Task item: Repeat exactly the lines of the material below that run from the "METOD high cabinet with pull-out larder" line to the "Disney Frozen Olaf" line, including both, and do not carry over any pictures.

Records for this task:
───
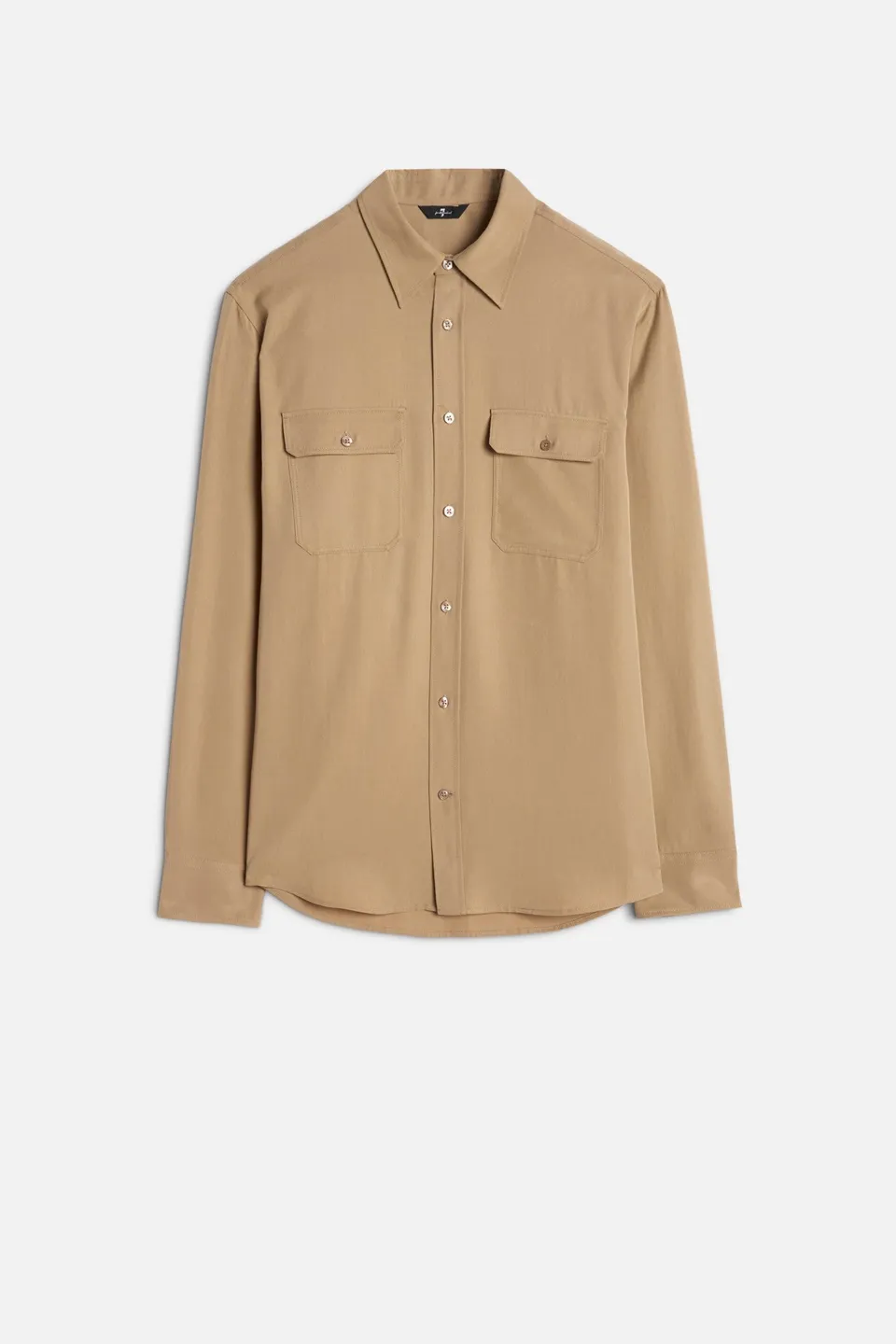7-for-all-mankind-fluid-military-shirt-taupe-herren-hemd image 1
───
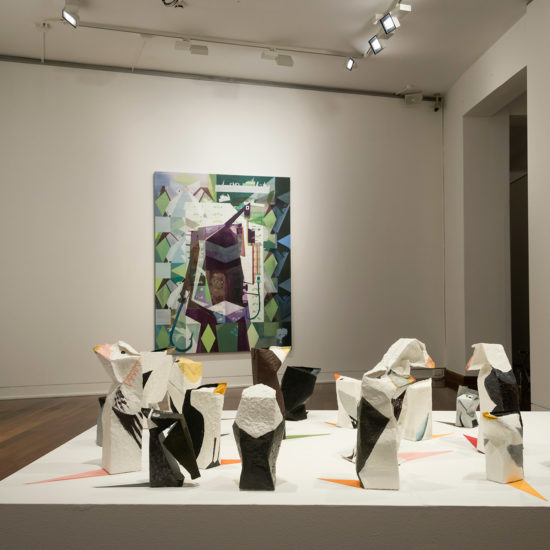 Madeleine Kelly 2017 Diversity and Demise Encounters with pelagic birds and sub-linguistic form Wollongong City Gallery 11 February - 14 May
───
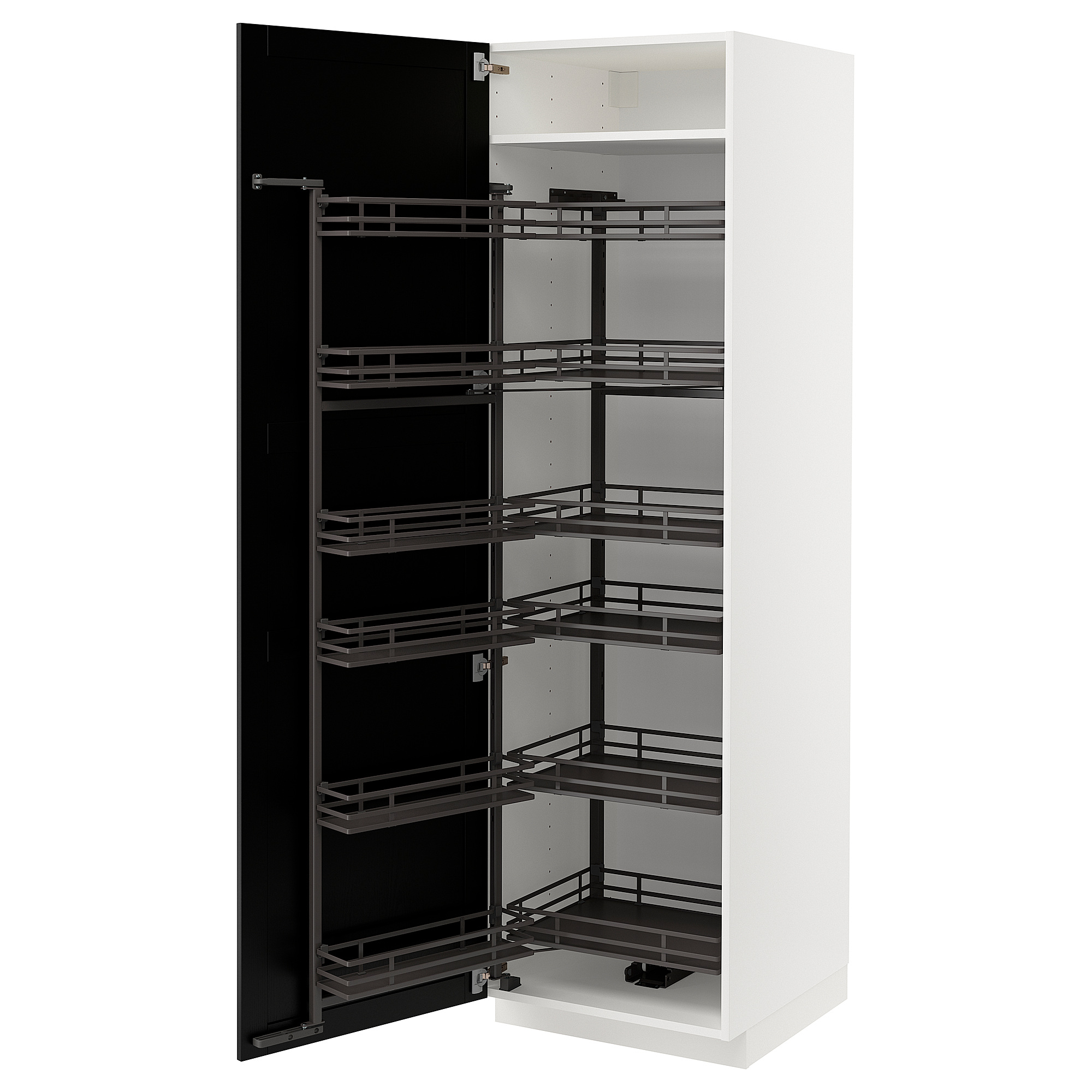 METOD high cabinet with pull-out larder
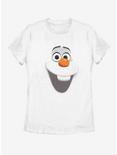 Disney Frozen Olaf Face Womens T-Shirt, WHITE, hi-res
───
Completed exercise:
 METOD high cabinet with pull-out larder
 Disney Frozen Olaf Face Womens T-Shirt, WHITE, hi-res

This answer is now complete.